Don't be afraid to experiment with these settings to learn what
correlates best to price action in a chosen market or markets.

There is an incredible array of stochastic setting variables
and discussion on the subject. We'll defer all that, instead
let's focus on basic structure and use of the indicator.

The actual indicator study consists of plotting both moving
lines within a value zone of 0 to 100. As one or both lines
approach or penetrate the area of 0 to 20, underlying prices
are said to be "oversold". The indicator is telling us that
near-term price action has dropped to an extreme and corrective
bounce is likely.

One or both lines reaching or penetrating the area from 80 to
100 is said to be "overbought". This means near-term price
action has pushed levels to an extreme and a corrective sell
off is likely.

Once stochastic fast line turns up from 20% oversold range or
turns down from 80% overbought range, a reversal may be near.
Confirmation of this is the slow line turning to reverse course
in tandem with the fast line.

The clearest trade signals occur when both stochastic fast and
slow lines penetrate one extreme ranges and turn sharply away
to move the other direction. The more rapid and extreme a move
the more volatile underlying action will be.

Stochastics like all oscillator signals work best to predict
corrections within prevailing trends. In other words, buy
signals are best taken within an up-trending market while sell
signals are most reliable in down trends. They predict brief
pullbacks in rallies and brief spikes in declines.

Stochastic signals are best in neutral, flat or rolling markets
when buy or sell indications are equally reliable.

Overbought/oversold is the basic, most prominent use of these
indicators for trading a market. However, in my opinion it
isn't the best use of all.

If every market tool I rely on had to be taken away save for
one, this would be it. I have never used another single study
that gives such high-odds indication as the following does.

Whenever we see divergence action between stochastic signals
and correlating price behavior, a change in current price
action is almost guaranteed. How soon or dramatic is unclear
but change is almost certain.

Such divergence shows that the market today is stronger or
weaker than the last recent high or low as indicated by
stochastic action. We will examine and outline this visually

Diversions are spotted by comparing current market price levels
to the last relative high or low. In other words, if a market
now exceeds new recent highs, are stochastic lines higher than
the previous time as well? If not, our peak is in jeopardy.

If the market is at new recent lows, are stochastics lower than
the last time as well? If not, we may have just put in a bottom.

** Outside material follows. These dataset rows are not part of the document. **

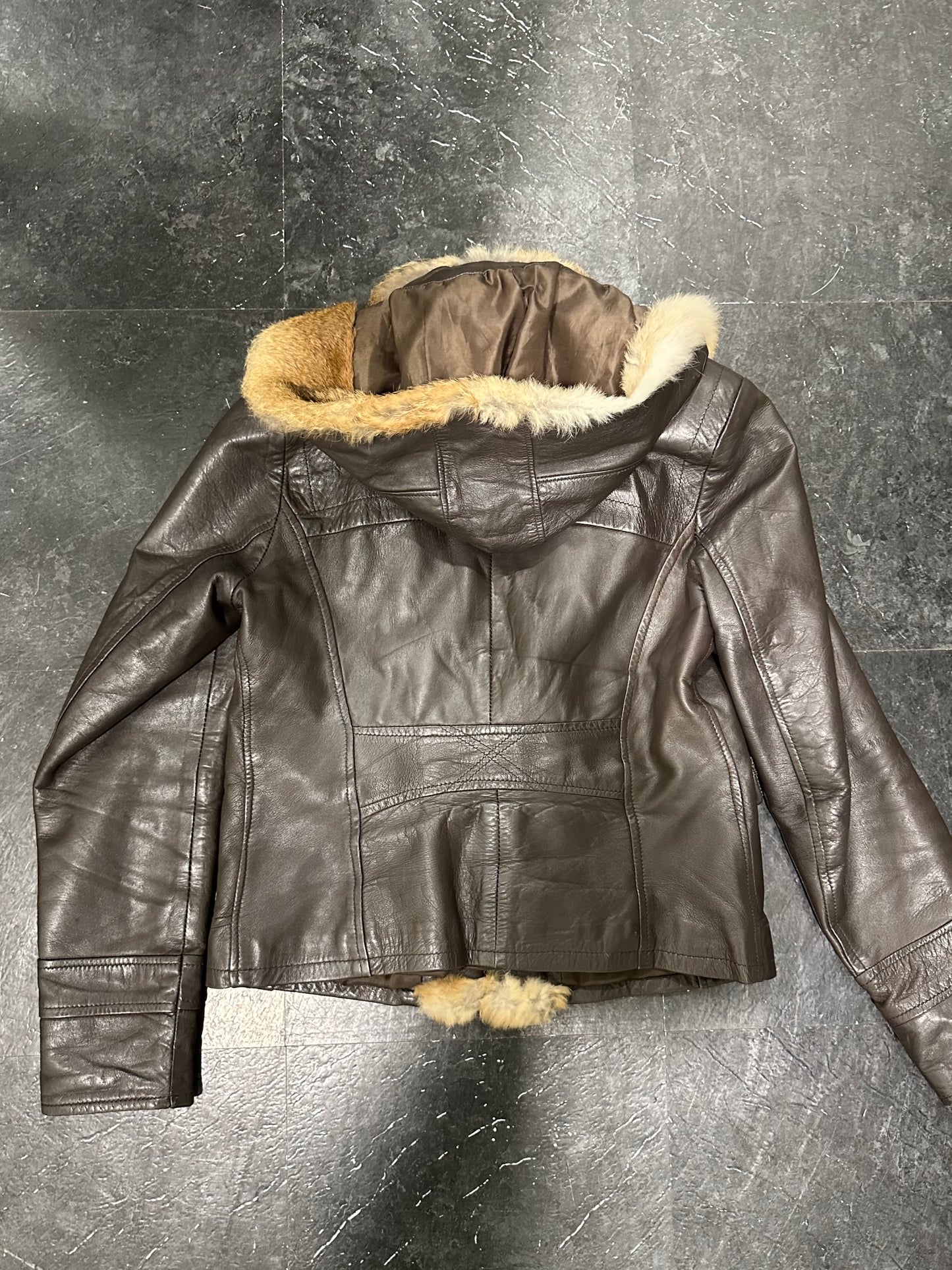 Fur leather jacket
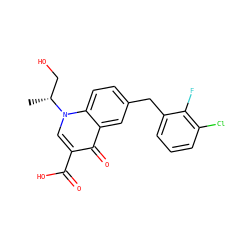 C[C@H](CO)n1cc(C(=O)O)c(=O)c2cc(Cc3cccc(Cl)c3F)ccc21 ZINC000033818008
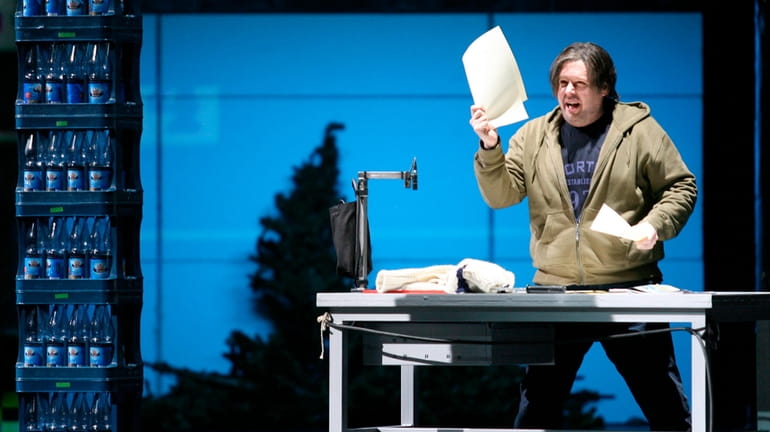 Singer Stephen Gould performs as Peter Grimes in a rehearsal...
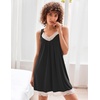 image:imageEkouaer Womens Nightgown Vneck Chemise Sleepwear Lace Nightwear Soft Lingerie for WomenWhite Lace Black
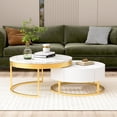 thumbnail image 4 of Table Basse Ronde Blanche de 31,5 Pouces avec Rangement, Table Basse Gigogne en Faux Marbre Blanc avec Tiroirs Rotatifs, 4 of 9
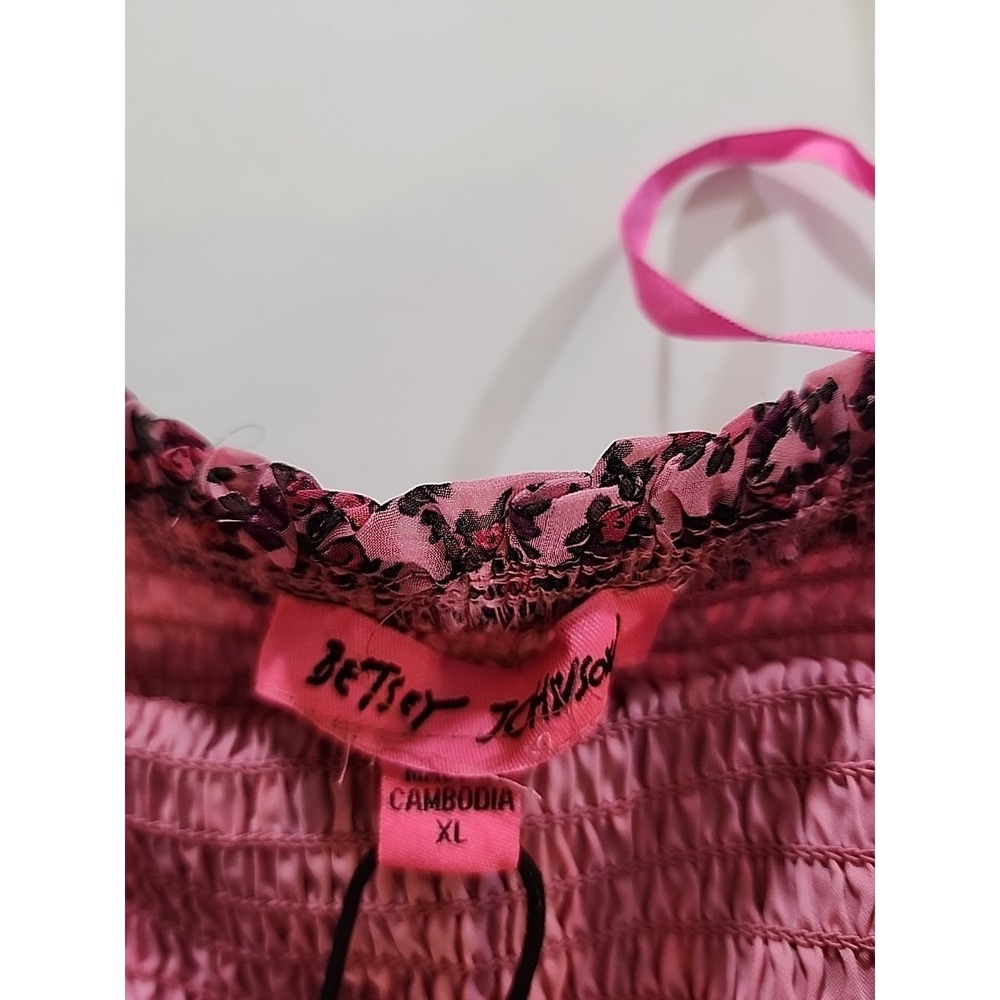 Betsey Johnson Pink and Black Floral Smocked Mini Dress - Picture 7 of 11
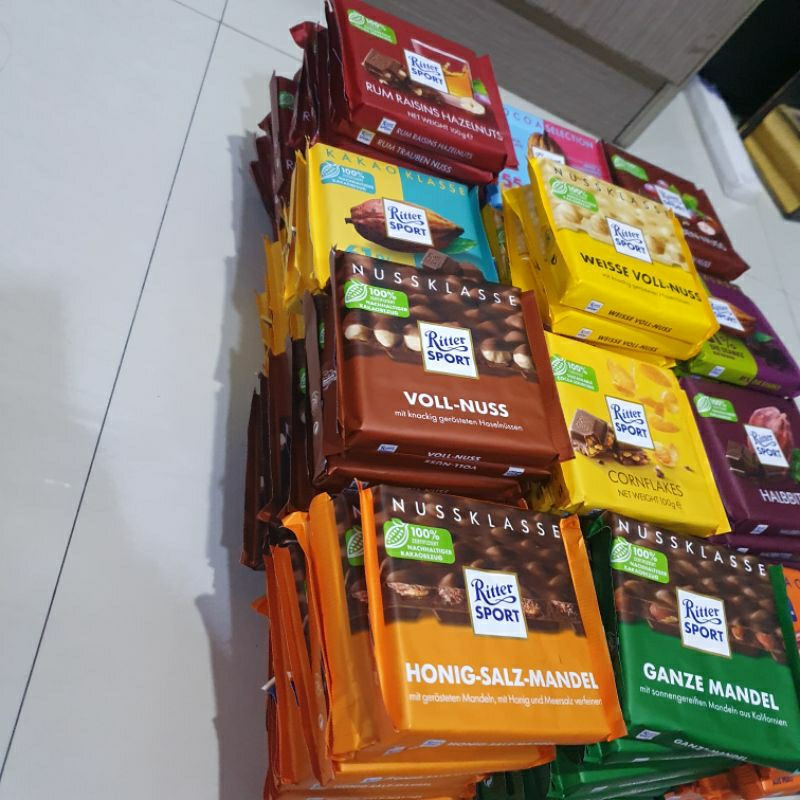 

2Xbtygneal Sakha Snack ) Coklat Ritter Sport 100 Gr Made In Germany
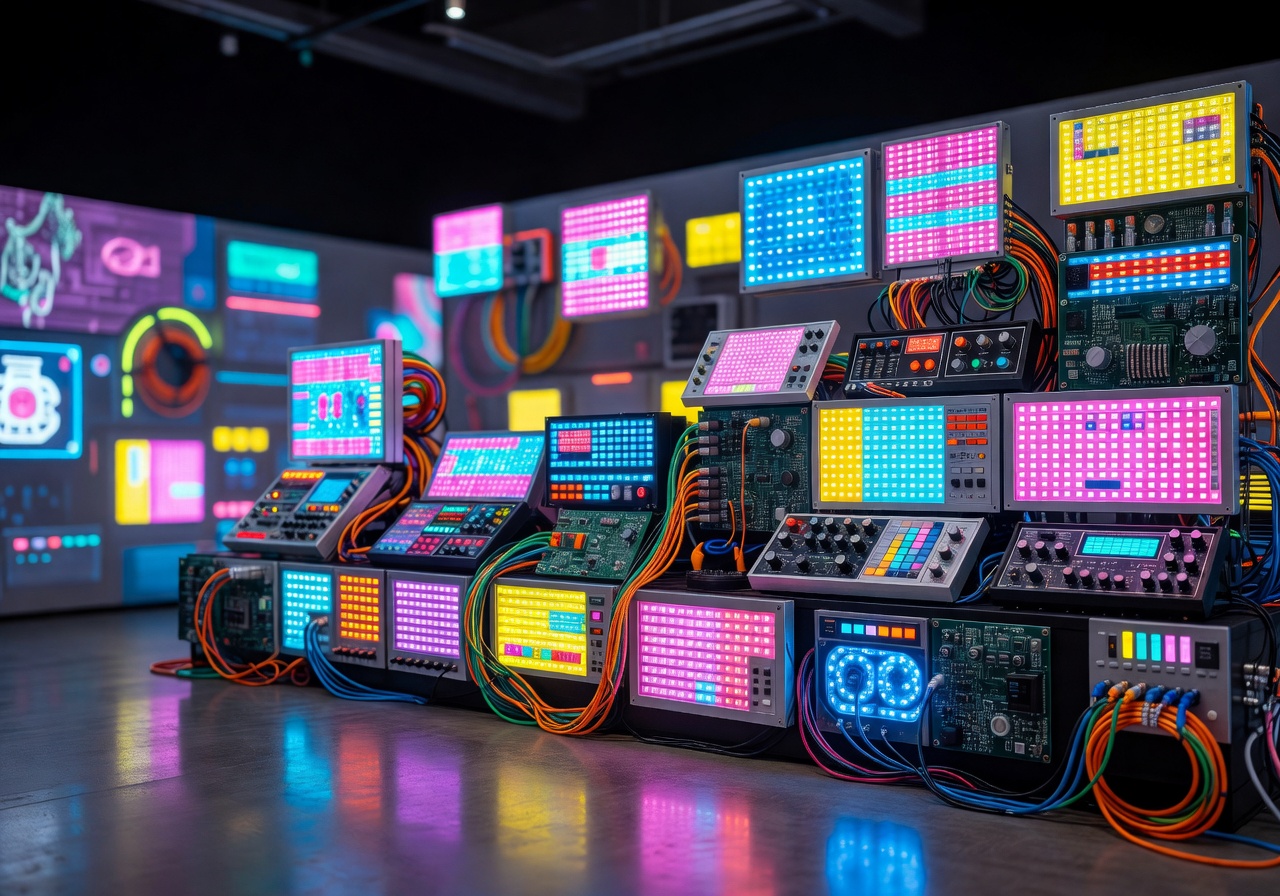 Colorful electronic display representing Discovery album era
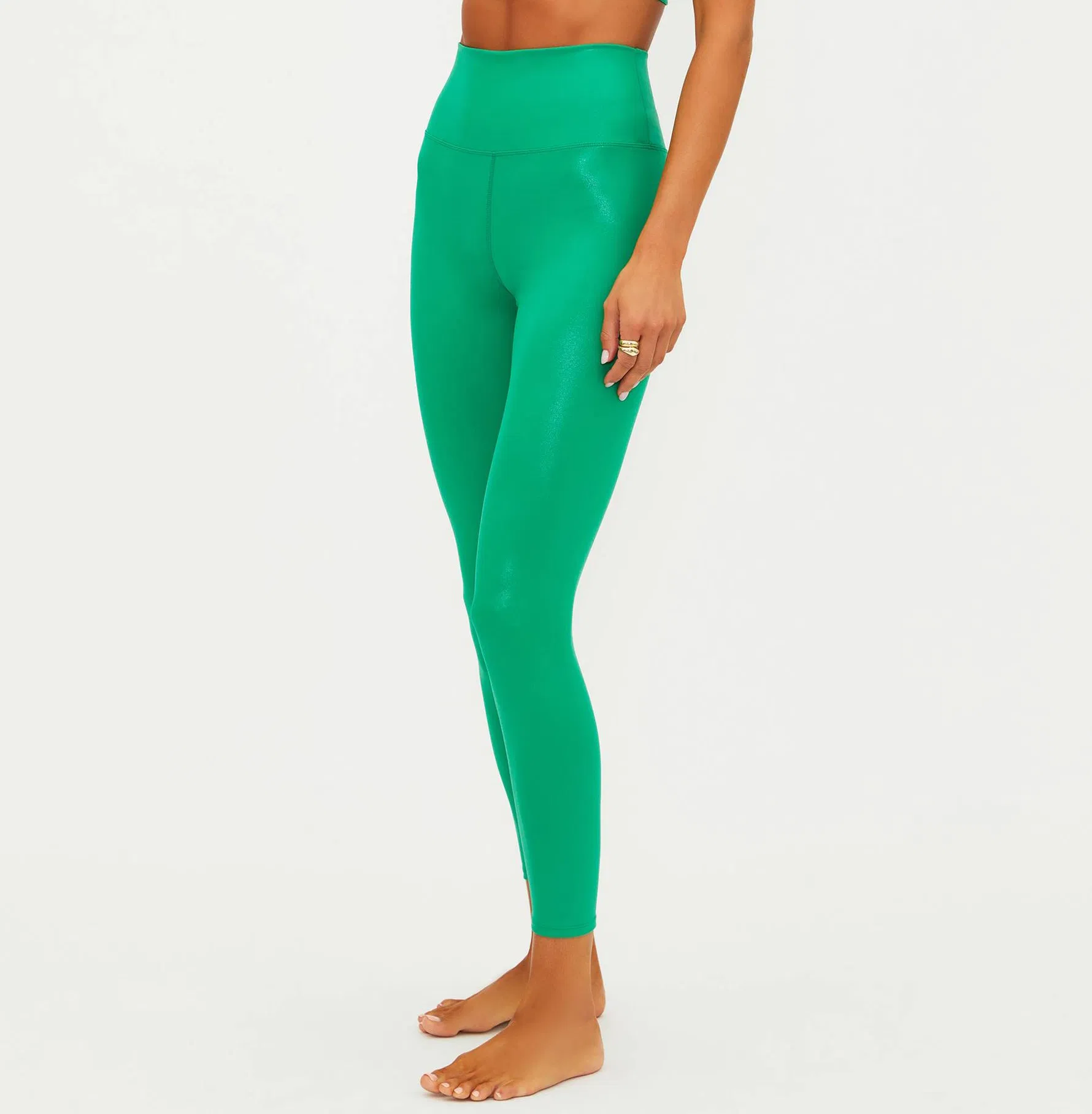 Frosted Fir Shine High Waisted Yoga Tights for All-Day Comfort
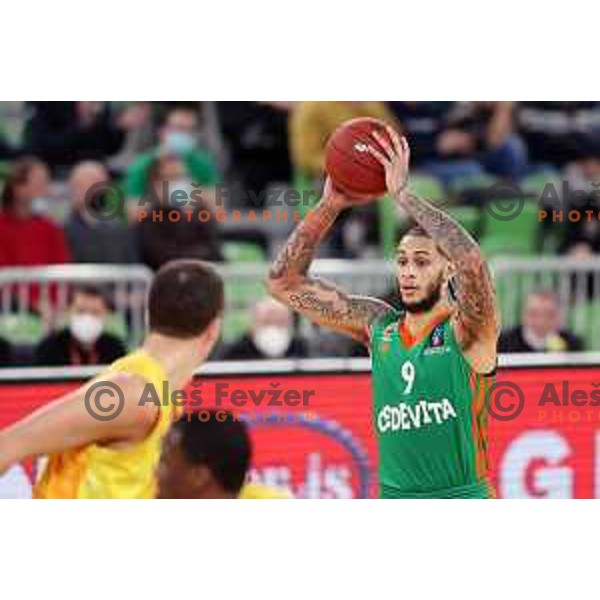 Zach Auguste in action during 7days EuroCup regular season basketball match between Cedevita Olimpija and Gran Canaria in Stozice, Arena, Ljubljana, Slovenia on January 19, 2022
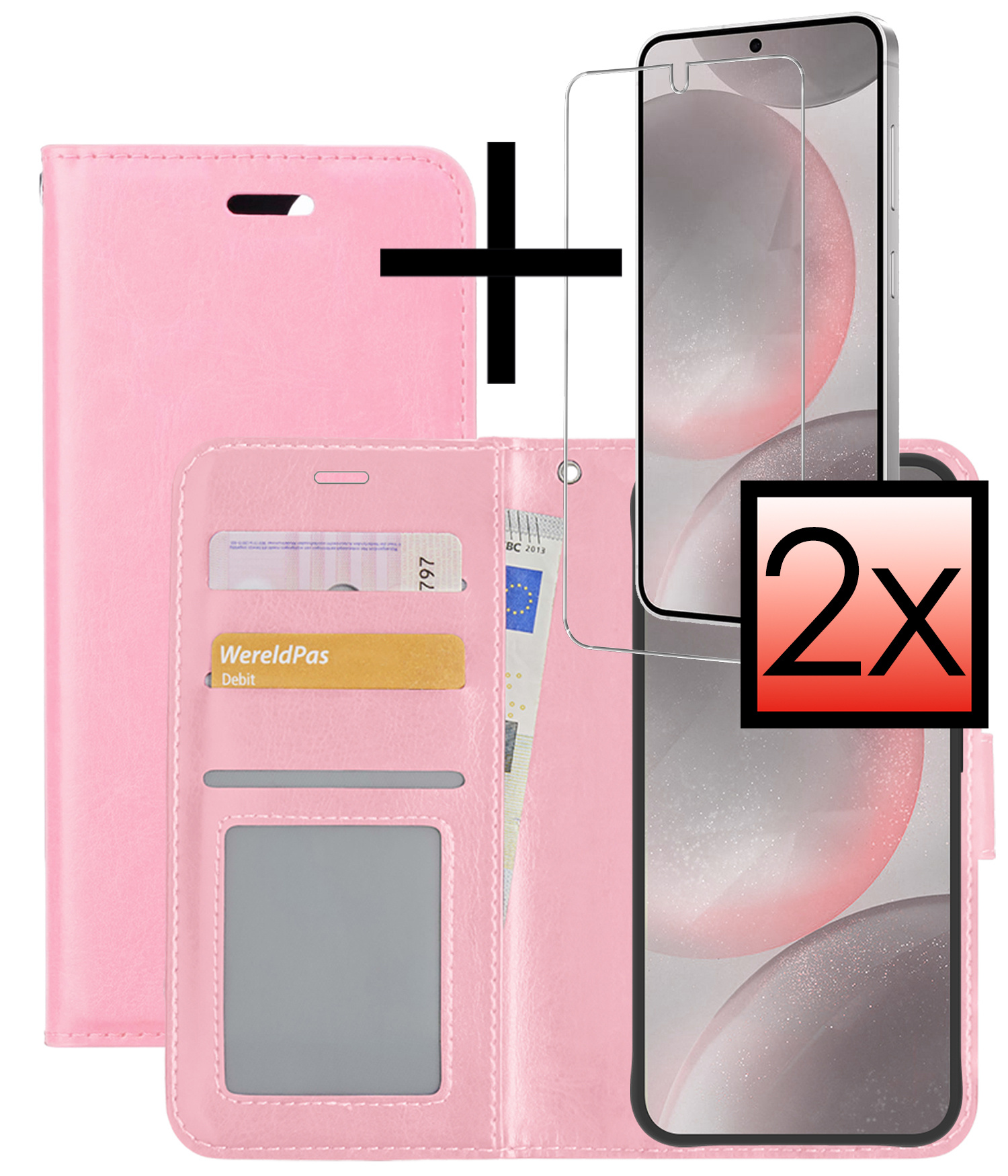 NoXx Hoes Geschikt voor Samsung S24 Hoesje Book Case Hoes Flip Cover Wallet Bookcase Met 2x Screenprotector - Lichtroze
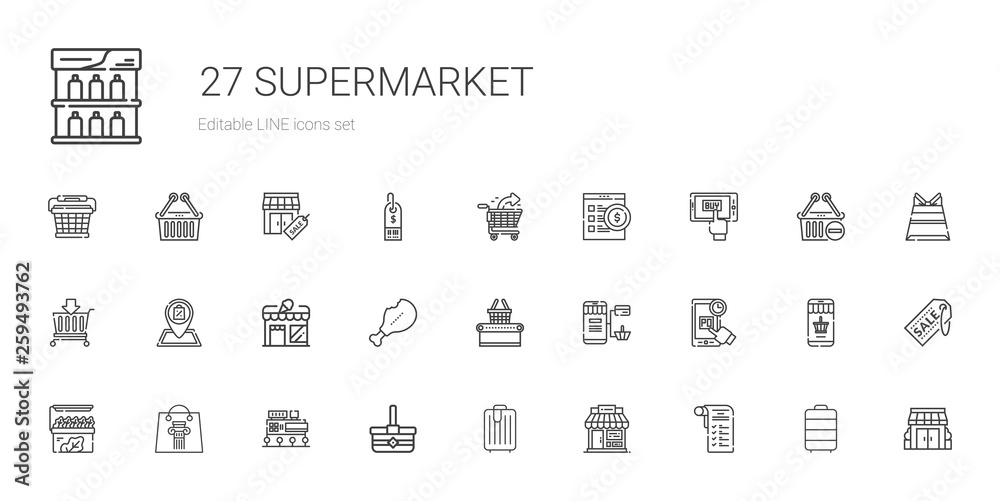 supermarket icons set
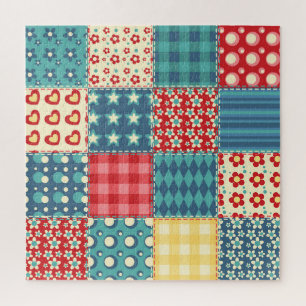 Vintage-Quilt: Patchwork-Hintergrundmuster.
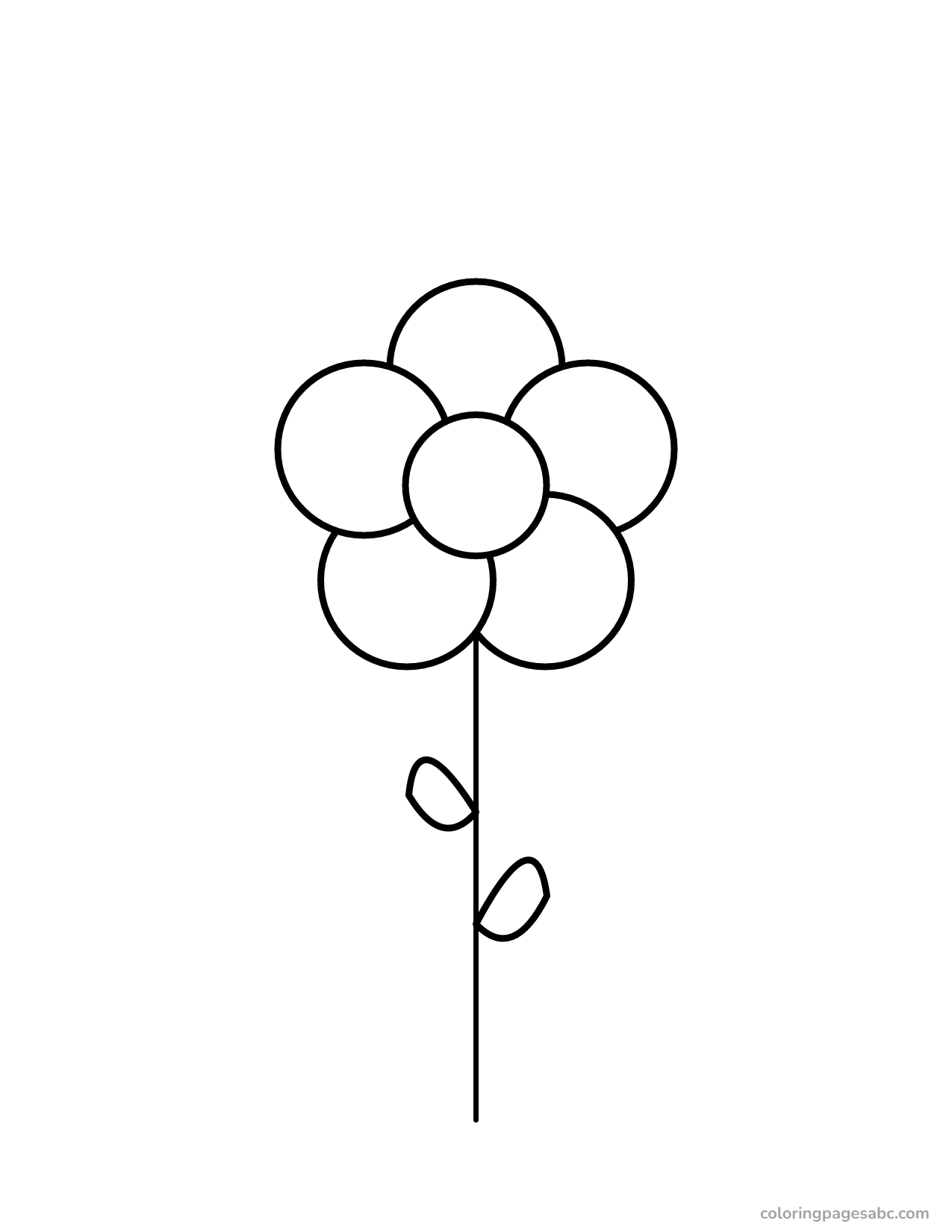Easy flower to color online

In summation, stochastic study is the indication of overbought
or oversold extreme conditions in a market. There are many
variable settings and versions, but each act essentially the
same. Diversion of any kind between stochastic movement and
price action is a clear indication of near-term price

Let's review some charts to see these signals in action.

(Daily Chart, TXX)

The CBOE Technology Index (TXX) is a classic example of sideways
market stochastic signals. With the understanding that this study
isn't meant to trade alone, can you see here where buying call
options near oversold 20% zone and puts near overbought 80% zone
would be a highly-profitable venture?

Waiting for one or both lines to near or penetrate an extreme
and turn to reverse is a powerful buy & hold strategy in rolling
markets. If we took every trade marked here using distant-month
options and 25% stop loss protection, what would our potential
results have been? I like our chances!

(Daily Chart, SMH)

Again, looking at the AMEX Semi-Conductor HOLDRs (SMH) we see
a bit more erratic movement in this brand-new market but results
are the same. Lines moving at or into extreme zones and reversing
signal a significant price change.

Notice the two lines from July to August showing stochastics
making a higher-high than the last peak while SMH holders fail
to do the same. What could that mean? Remember what we said about
divergence action before?

(Daily Chart, OEX)

You had to know the OEX would make it into this discussion. Two
clear examples of price/indicator divergence in May and June
clearly led significant price reversals.

In May the index went from 740 to 780+ in four sessions following
clear divergence. Five sessions later the index retraced from
780+ to 724. Again, divergence between price action and the
stochastic indicators emerged. Five more sessions saw a rise from
725 to almost 800 straight up!

Depending on which option contracts bought, these three moves
could yield 100 - 400% returns on option cost. Would you agree
that stochastic/price divergence among other tools are one to
watch? If I could only pick one out of all, this would be it.

(Daily Chart, NDX)

Not to leave technology out, here's a daily chart of the NASDAQ
100. Clear patterns of divergence emerge here as well. If we
took position trades with QQQs or the new CBOE mini-NDX (MNX)
options, how would we fare? 800+ and 600+ point moves leave
plenty of "chunk" in the middle to glean.

(Daily Chart, XOI)

Black gold, Texas tea. Jed Clampett from "Hillbillies" fame would
be doin' right-fine these days and this chart might help him. You
be the judge. If we bought options on the AMEX Oil index (XOI) or
CBOE oil index (OIX) the results would be the same. no possum stew
for us granny, it's first-class dining all the way!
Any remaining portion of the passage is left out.